Starting with the line that contains "a swimming pool" and stopping after the line that contains "Ambientazione confortevole con", return each line below exactly as written, with no others.

Web page caption snippets:
+++

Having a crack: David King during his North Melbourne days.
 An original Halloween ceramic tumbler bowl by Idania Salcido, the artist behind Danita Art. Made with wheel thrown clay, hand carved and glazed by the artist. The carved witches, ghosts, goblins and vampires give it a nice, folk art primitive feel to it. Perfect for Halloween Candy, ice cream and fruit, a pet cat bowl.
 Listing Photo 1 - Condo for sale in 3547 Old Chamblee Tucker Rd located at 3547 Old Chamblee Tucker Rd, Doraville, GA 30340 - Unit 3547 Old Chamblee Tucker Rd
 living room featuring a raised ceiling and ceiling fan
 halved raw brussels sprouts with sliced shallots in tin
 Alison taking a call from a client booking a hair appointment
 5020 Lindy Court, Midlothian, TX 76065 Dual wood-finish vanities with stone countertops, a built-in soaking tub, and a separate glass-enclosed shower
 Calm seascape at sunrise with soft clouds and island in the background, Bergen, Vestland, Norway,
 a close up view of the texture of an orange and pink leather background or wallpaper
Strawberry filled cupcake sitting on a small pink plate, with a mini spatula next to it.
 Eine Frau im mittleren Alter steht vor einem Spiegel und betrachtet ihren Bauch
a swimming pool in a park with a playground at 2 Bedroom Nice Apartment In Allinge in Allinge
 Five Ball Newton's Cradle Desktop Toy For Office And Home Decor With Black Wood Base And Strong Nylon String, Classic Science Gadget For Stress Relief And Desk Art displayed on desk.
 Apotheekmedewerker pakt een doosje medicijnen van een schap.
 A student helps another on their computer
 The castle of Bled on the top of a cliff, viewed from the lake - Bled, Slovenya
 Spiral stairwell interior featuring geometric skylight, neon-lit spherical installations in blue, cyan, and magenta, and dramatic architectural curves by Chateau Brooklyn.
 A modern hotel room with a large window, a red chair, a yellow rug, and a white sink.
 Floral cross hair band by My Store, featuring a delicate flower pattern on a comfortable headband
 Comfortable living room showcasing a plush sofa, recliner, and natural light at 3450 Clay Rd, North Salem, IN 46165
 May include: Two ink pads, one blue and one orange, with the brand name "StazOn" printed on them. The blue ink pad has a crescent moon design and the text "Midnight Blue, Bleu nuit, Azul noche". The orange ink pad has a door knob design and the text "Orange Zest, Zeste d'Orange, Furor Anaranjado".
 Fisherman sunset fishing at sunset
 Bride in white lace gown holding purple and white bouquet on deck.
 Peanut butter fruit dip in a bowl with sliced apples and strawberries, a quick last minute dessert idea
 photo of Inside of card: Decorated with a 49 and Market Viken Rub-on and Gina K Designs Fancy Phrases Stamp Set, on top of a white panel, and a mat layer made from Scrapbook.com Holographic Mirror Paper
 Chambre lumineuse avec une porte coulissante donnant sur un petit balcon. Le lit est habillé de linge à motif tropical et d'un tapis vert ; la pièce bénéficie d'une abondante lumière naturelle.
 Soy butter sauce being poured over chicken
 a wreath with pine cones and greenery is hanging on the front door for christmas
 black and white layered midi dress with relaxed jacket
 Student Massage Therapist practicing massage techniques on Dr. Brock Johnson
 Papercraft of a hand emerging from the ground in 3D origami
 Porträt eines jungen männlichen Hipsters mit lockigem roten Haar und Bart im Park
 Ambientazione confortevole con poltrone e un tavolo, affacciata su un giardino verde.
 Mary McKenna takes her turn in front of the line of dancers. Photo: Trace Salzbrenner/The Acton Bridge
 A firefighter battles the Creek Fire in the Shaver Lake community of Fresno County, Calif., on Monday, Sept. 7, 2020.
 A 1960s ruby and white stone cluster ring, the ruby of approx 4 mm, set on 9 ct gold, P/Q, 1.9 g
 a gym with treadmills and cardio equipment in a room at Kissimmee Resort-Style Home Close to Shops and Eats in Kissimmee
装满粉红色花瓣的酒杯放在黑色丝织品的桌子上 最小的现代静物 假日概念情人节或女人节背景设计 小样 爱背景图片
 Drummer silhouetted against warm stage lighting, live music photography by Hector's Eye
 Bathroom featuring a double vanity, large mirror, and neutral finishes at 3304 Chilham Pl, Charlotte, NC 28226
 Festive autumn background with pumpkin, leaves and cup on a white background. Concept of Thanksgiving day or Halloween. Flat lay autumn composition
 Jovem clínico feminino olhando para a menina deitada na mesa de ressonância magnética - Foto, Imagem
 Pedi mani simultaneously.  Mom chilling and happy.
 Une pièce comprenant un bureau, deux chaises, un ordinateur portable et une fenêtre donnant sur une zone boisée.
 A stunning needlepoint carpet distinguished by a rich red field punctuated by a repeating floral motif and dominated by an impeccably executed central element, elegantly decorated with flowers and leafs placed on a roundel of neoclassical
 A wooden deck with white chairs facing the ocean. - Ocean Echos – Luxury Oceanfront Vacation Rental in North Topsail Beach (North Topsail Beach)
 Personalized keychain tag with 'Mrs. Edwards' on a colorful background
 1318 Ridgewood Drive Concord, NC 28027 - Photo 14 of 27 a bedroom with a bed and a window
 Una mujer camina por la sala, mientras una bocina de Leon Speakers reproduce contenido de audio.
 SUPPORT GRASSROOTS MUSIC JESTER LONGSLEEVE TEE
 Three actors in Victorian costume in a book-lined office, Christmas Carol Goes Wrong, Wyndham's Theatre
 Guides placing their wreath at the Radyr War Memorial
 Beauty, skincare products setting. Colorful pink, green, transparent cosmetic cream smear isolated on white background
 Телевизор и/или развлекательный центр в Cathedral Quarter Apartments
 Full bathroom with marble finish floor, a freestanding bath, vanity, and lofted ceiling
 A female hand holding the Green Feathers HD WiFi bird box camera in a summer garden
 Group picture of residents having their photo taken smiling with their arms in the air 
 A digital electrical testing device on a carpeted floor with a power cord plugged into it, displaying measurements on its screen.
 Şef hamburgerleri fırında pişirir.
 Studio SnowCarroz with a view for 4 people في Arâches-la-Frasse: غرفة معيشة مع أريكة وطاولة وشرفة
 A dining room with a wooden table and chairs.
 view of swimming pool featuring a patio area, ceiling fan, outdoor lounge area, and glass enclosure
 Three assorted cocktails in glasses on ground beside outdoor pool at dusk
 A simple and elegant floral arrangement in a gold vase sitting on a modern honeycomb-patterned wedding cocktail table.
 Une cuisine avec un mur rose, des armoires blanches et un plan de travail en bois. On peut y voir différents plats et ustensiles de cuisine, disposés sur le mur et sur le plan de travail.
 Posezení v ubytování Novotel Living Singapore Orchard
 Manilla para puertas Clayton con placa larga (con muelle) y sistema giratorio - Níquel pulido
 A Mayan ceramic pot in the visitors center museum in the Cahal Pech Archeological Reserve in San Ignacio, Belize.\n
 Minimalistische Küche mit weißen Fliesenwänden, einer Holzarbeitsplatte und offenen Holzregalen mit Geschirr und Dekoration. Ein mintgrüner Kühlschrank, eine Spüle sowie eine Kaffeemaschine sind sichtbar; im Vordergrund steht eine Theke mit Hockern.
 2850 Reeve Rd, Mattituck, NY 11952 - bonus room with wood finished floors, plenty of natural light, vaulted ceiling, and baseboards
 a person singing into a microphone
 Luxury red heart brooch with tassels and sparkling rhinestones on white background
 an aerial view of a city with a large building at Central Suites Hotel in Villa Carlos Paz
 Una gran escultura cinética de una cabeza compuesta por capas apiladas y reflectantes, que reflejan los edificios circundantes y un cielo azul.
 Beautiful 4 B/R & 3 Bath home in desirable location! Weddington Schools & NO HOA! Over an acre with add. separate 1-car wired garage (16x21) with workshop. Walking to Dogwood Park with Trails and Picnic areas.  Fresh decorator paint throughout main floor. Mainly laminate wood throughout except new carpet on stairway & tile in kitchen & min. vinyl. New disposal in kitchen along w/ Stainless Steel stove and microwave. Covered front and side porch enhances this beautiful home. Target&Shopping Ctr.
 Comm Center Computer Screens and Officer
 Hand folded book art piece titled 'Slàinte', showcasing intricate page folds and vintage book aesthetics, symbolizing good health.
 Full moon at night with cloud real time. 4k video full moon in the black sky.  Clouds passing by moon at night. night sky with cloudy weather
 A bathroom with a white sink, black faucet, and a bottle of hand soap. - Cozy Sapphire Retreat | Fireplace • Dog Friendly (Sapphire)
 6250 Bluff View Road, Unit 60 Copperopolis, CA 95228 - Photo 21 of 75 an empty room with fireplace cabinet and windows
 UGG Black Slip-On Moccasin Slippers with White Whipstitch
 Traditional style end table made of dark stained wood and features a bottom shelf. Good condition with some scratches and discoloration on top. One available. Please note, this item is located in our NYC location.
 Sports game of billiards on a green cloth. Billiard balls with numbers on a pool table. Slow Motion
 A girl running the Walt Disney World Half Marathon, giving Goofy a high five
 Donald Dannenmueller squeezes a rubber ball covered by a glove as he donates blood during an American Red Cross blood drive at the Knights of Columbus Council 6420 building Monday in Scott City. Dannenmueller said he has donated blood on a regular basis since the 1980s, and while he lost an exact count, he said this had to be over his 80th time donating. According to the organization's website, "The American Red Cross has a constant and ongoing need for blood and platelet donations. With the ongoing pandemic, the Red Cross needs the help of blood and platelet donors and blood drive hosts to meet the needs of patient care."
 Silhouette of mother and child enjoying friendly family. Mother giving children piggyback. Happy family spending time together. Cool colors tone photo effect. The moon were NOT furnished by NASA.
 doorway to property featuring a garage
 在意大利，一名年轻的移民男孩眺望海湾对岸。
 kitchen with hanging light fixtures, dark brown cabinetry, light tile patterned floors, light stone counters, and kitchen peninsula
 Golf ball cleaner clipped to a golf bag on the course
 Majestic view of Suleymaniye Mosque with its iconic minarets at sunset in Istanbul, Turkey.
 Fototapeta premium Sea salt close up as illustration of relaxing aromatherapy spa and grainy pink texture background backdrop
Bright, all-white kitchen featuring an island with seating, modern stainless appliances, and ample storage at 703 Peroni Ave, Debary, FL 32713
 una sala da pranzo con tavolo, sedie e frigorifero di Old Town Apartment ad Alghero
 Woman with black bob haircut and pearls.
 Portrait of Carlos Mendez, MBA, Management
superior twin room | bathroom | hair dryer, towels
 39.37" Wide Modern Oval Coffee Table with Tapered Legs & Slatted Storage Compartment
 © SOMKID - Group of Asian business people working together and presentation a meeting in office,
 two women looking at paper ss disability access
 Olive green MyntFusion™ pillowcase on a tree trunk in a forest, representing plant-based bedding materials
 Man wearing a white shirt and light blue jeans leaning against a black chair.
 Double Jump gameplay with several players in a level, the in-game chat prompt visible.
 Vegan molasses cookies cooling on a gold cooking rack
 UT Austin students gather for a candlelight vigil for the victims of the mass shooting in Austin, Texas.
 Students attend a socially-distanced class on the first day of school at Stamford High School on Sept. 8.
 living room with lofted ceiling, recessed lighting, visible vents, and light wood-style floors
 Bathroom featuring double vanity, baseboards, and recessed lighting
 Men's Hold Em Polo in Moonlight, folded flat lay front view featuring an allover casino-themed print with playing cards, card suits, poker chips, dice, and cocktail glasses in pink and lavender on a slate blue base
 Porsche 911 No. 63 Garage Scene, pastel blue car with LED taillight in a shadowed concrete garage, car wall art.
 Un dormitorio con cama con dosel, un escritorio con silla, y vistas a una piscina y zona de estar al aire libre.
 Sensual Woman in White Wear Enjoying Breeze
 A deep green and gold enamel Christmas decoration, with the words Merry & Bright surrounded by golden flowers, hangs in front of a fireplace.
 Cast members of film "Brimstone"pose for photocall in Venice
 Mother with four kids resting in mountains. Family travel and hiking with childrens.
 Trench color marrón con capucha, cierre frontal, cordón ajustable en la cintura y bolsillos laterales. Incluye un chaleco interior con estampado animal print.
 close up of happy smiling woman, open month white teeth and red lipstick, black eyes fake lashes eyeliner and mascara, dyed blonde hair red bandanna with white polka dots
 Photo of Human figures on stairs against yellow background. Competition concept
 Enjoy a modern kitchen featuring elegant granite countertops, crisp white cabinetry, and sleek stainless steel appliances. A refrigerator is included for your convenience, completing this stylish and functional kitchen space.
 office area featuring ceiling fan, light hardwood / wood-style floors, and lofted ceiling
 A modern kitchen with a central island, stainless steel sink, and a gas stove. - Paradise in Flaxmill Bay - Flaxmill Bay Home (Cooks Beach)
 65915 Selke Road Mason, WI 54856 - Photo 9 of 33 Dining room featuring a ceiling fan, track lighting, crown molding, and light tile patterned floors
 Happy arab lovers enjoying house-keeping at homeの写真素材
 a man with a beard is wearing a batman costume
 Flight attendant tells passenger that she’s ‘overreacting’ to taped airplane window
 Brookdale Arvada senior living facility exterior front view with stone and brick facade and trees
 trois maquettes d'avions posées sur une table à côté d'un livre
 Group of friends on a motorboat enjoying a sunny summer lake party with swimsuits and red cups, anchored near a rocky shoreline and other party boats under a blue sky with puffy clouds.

+++

Response to the exercise |
a swimming pool in a park with a playground at 2 Bedroom Nice Apartment In Allinge in Allinge
 Five Ball Newton's Cradle Desktop Toy For Office And Home Decor With Black Wood Base And Strong Nylon String, Classic Science Gadget For Stress Relief And Desk Art displayed on desk.
 Apotheekmedewerker pakt een doosje medicijnen van een schap.
 A student helps another on their computer
 The castle of Bled on the top of a cliff, viewed from the lake - Bled, Slovenya
 Spiral stairwell interior featuring geometric skylight, neon-lit spherical installations in blue, cyan, and magenta, and dramatic architectural curves by Chateau Brooklyn.
 A modern hotel room with a large window, a red chair, a yellow rug, and a white sink.
 Floral cross hair band by My Store, featuring a delicate flower pattern on a comfortable headband
 Comfortable living room showcasing a plush sofa, recliner, and natural light at 3450 Clay Rd, North Salem, IN 46165
 May include: Two ink pads, one blue and one orange, with the brand name "StazOn" printed on them. The blue ink pad has a crescent moon design and the text "Midnight Blue, Bleu nuit, Azul noche". The orange ink pad has a door knob design and the text "Orange Zest, Zeste d'Orange, Furor Anaranjado".
 Fisherman sunset fishing at sunset
 Bride in white lace gown holding purple and white bouquet on deck.
 Peanut butter fruit dip in a bowl with sliced apples and strawberries, a quick last minute dessert idea
 photo of Inside of card: Decorated with a 49 and Market Viken Rub-on and Gina K Designs Fancy Phrases Stamp Set, on top of a white panel, and a mat layer made from Scrapbook.com Holographic Mirror Paper
 Chambre lumineuse avec une porte coulissante donnant sur un petit balcon. Le lit est habillé de linge à motif tropical et d'un tapis vert ; la pièce bénéficie d'une abondante lumière naturelle.
 Soy butter sauce being poured over chicken
 a wreath with pine cones and greenery is hanging on the front door for christmas
 black and white layered midi dress with relaxed jacket
 Student Massage Therapist practicing massage techniques on Dr. Brock Johnson
 Papercraft of a hand emerging from the ground in 3D origami
 Porträt eines jungen männlichen Hipsters mit lockigem roten Haar und Bart im Park
 Ambientazione confortevole con poltrone e un tavolo, affacciata su un giardino verde.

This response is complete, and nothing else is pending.